Whenever a line in the records below holds the string "water", include it in the count, and state the number alone.
======== Information
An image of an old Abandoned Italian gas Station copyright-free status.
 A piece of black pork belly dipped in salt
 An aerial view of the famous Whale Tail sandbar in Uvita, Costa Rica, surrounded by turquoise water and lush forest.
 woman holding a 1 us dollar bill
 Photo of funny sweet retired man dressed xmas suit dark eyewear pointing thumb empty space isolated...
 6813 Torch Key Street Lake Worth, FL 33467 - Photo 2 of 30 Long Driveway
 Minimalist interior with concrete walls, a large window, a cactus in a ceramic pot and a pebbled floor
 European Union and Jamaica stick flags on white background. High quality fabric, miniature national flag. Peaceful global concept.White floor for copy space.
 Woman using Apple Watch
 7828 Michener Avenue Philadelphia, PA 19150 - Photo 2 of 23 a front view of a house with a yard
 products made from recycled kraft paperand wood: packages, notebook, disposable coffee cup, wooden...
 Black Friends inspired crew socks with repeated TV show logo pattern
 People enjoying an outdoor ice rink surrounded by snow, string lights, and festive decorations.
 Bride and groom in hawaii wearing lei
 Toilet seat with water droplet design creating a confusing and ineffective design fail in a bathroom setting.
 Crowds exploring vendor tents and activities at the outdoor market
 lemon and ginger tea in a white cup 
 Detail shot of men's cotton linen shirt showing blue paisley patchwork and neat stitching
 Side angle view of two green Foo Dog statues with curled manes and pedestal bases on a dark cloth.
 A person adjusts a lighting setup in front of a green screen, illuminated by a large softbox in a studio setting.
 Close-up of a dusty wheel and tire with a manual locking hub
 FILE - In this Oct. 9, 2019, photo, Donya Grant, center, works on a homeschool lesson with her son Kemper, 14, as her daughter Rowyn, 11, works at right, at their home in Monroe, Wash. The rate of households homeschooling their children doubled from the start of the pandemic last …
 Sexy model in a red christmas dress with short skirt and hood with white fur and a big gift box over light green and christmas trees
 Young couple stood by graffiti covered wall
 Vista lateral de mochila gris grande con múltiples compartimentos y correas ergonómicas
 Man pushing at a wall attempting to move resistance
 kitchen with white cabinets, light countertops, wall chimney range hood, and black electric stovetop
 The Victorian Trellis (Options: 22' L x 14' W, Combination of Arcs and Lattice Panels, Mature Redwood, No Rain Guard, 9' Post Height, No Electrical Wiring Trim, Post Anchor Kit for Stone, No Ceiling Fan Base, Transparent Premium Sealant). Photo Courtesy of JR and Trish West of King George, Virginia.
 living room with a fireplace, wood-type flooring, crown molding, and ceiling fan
================
▶ Response area: 2